# Newspaper job in Singapore



## realtanu (Sep 12, 2012)

Hello all! I am considering a job with a newspaper/magazine publisher in Singapore. However, I am a bit perplexed by the job offer (which is not substantial, but is very reasonable). I am perplexed because newspapers and magazines in U.S. (where I am from) are becoming less used over time. That is, newspaper/magazine circulation in the U.S. is declining at a very rapid rate! And the advertisers are also paying less to newspapers to advertise. So newspaper companies in the U.S. are going BANKRUPT!!

Why are Singapore newspapers doing so well? Why do people in Singapore not get their news online, on a phone, or on tablet? Newspapers still seem popular in Singapore although in US/Europe, newspapers are doing TERRIBLY!

Is the culture there different? Or are newspapers also dying a slow death?

I am uncertain on taking this job because I am uncertain how long newspapers will be popular in Singapore.

Thank you


----------



## wesmant (Feb 10, 2012)

realtanu said:


> Hello all! I am considering a job with a newspaper/magazine publisher in Singapore. However, I am a bit perplexed by the job offer (which is not substantial, but is very reasonable). I am perplexed because newspapers and magazines in U.S. (where I am from) are becoming less used over time. That is, newspaper/magazine circulation in the U.S. is declining at a very rapid rate! And the advertisers are also paying less to newspapers to advertise. So newspaper companies in the U.S. are going BANKRUPT!!
> 
> Why are Singapore newspapers doing so well? Why do people in Singapore not get their news online, on a phone, or on tablet? Newspapers still seem popular in Singapore although in US/Europe, newspapers are doing TERRIBLY!
> 
> ...


When it comes to why, that's interesting. 

In a country with almost 100% internet broadband connectivity, yes, newspaper and megazine survive!

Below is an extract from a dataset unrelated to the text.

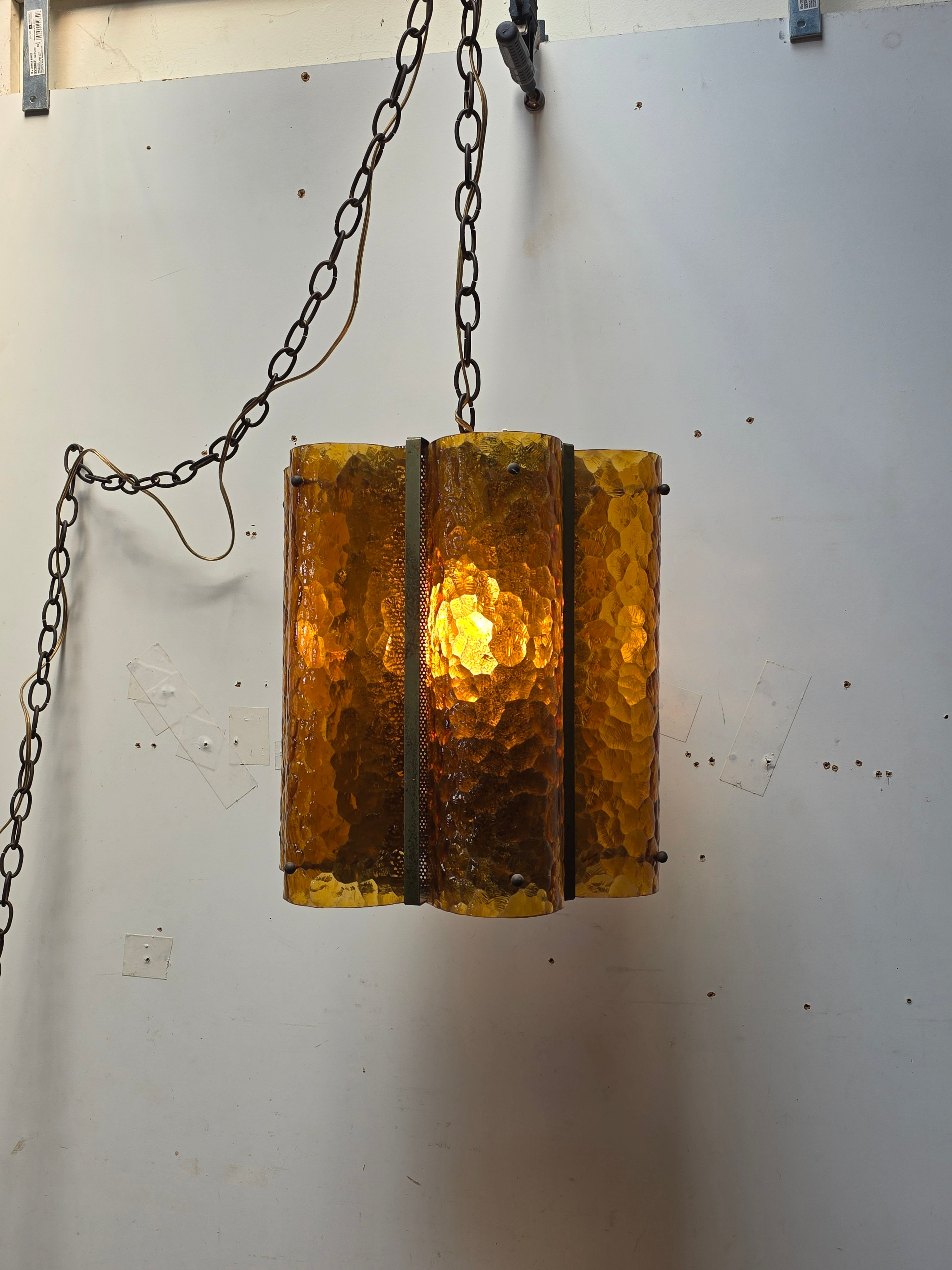 Vintage Mid Century Amber Textured Glass Swag Lamp Pendant Light MCM 60s Huge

I myself at this age of 32+ y.o, have my broadband at home set with wifi for the whole flat, with smart TV connected to broadband, with my Iphone with a dozen of newsportal apps, with full broadband conectivity in office (relax office, where I can send this post now, as i am in charge), am still buying newspaper for now and then. at the very least, on saturday the adv day, where a massive advertisement for housing, jobs etc. are in place.

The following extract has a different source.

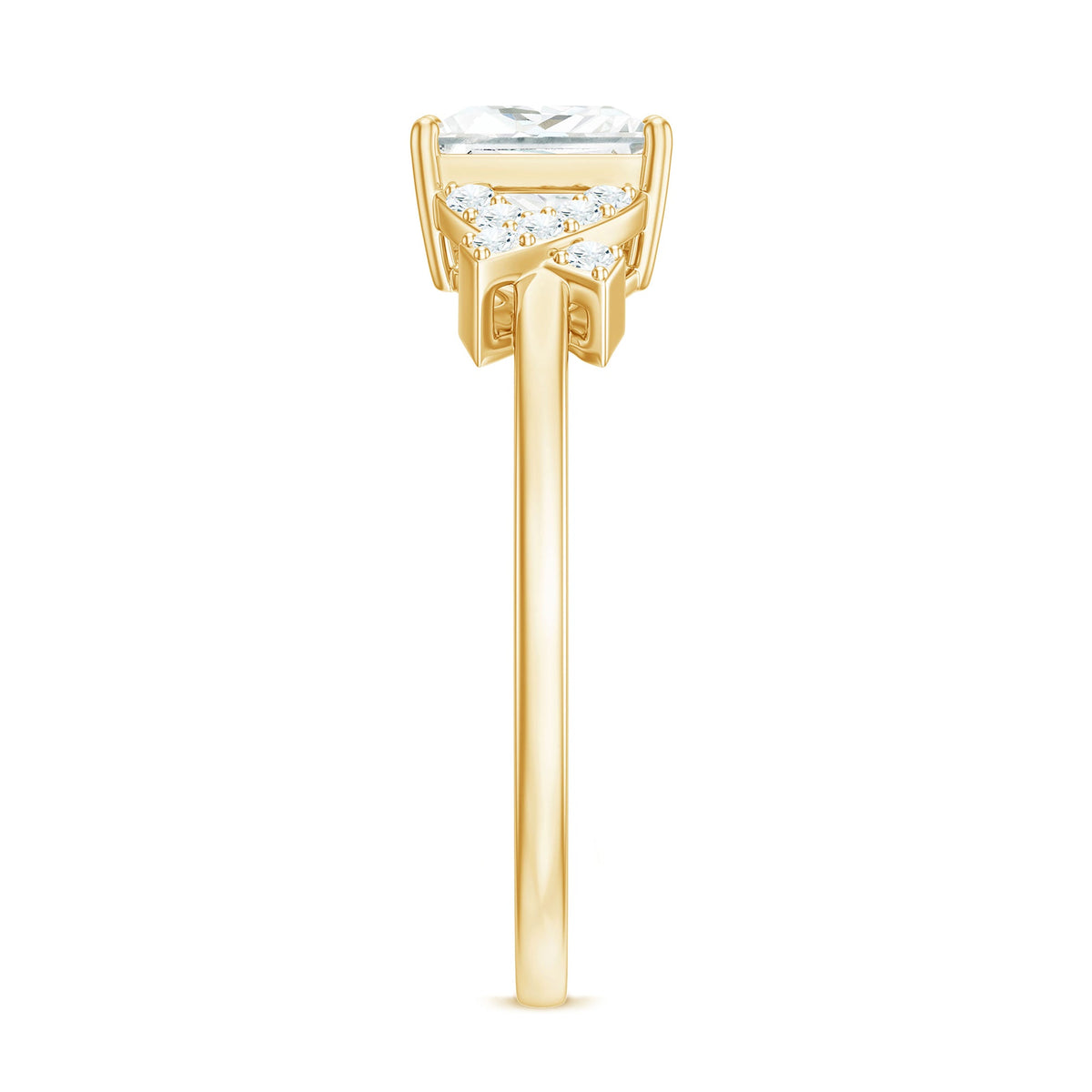 1 Carat Princess Cut Moissanite Solitaire Engagement Ring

don't ask my technicians and technical officers, whom 40+ or 50+ in age, they are buying everyday!

so, if you ask me, Newspaper in Singapore will still be living for at least another decade!


----------



## realtanu (Sep 12, 2012)

wesmant said:


> When it comes to why, that's interesting.
> 
> am still buying newspaper for now and then. at the very least, on saturday the adv day, where a massive advertisement for housing, jobs etc. are in place.
> 
> ...


What is so special about Saturday newspapers? 
Why don't you find about real estate and jobs via the Internet? In the U.S. all jobs have moved online. Only very low-skilled labor is generally found via newspaper. I would never find a job today via newspaper in the U.S.... I would find it via a website first.. monster . com or some other more specific websites. I found this Singapore job via a online job posting! 

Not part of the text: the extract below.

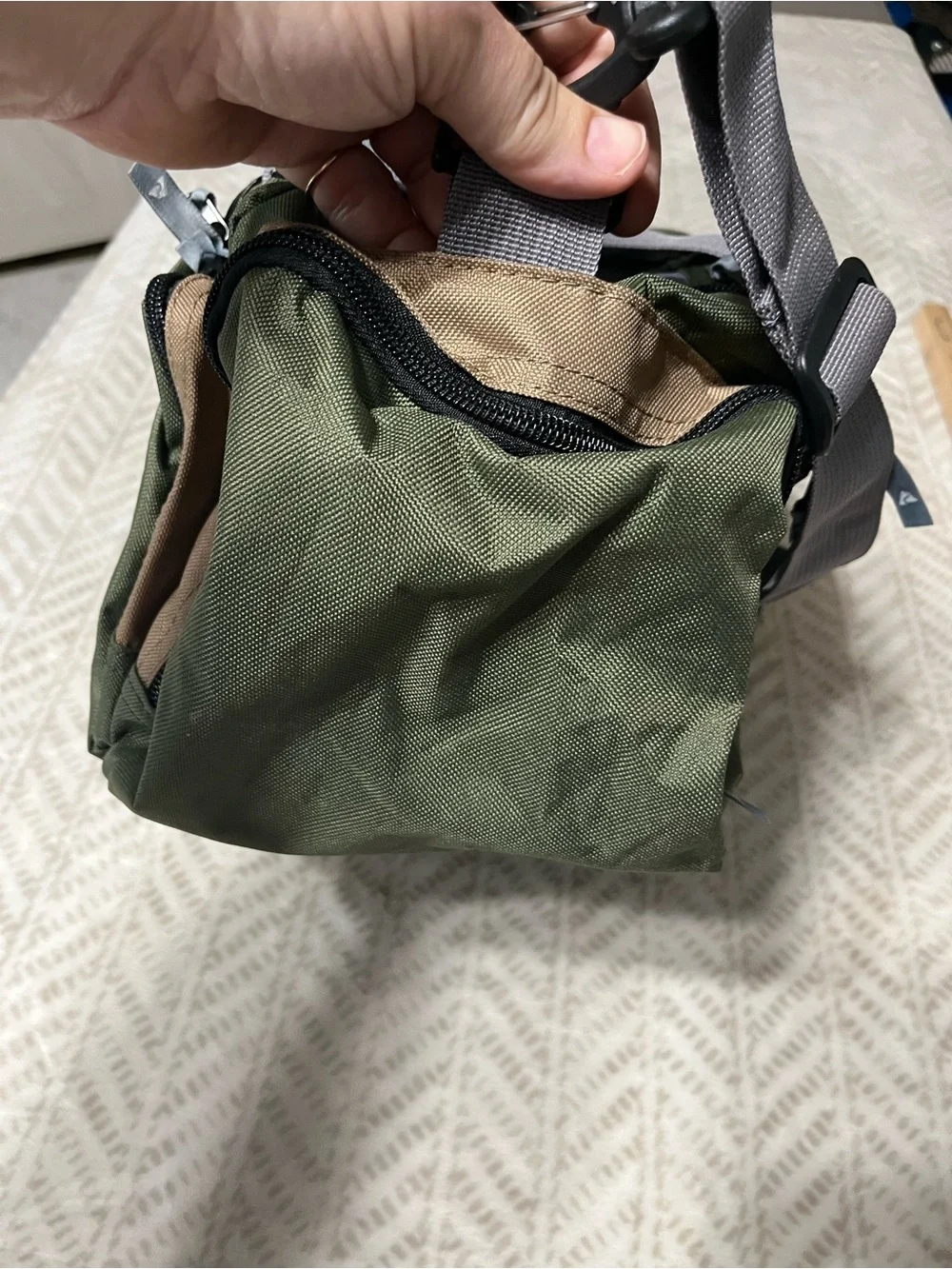 Ozark Trail Olive Green, Gray and Black Men’s Duffel Bag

Real estate in U.S. have also moved to classified. I do not know about buying real estate ( I rent ). But for renting an apartment/flat, I would find it on craigslist . com in the u.s. (its very big here). 

Thank you for this insight. its much appreciated!


----------



## simonsays (Feb 11, 2009)

and Saturday papers are so special they cost more than a daily paper - 

Oh, Singapore has this culture of 'advertise/advertise/advertise' and more advertisements to sell-sell-sell-sell .. when it comes to Marketing, and the Paper medium works well, to bring in droves of people down to you sale of the month, or special sale or whatever .. 

Bit of a cultural thingy - even the most popularly sold product believes that there is nothing than print medium, when it comes to boosting sales ..


----------



## realtanu (Sep 12, 2012)

ecureilx said:


> Bit of a cultural thingy - even the most popularly sold product believes that there is nothing than print medium, when it comes to boosting sales ..


So you go to newspaper to find sales on electronic stores, an apartment lease, a job? Why don't you use websites for this? 

Thank you for this clarity!


----------



## simonsays (Feb 11, 2009)

well, you can read the newspaper while having a dump, or when in the bus, or .. well .. during the break .. 

As for 'while in the bus' thingy - of late, my friends have started this campaign that 'eyes get bad if you read electronic media like tablets or such, while on a bus train'

Oh, while Singapore is wonderfully wired, it doesn't mean that people will spend hours searching for the deal of the day, when a flip of the paper shows today there is a hush puppies sale, or victoria secret sale or a IT / computer show with wonderful promos ..


----------



## wesmant (Feb 10, 2012)

Ecureilx has said it all. 

So, if you really are in to move to SG, this paper media thing shouldn't worry you. It's a rooted culture to read paper here even if everyone has almost all their home with fiber optic connection 

Good luck!


----------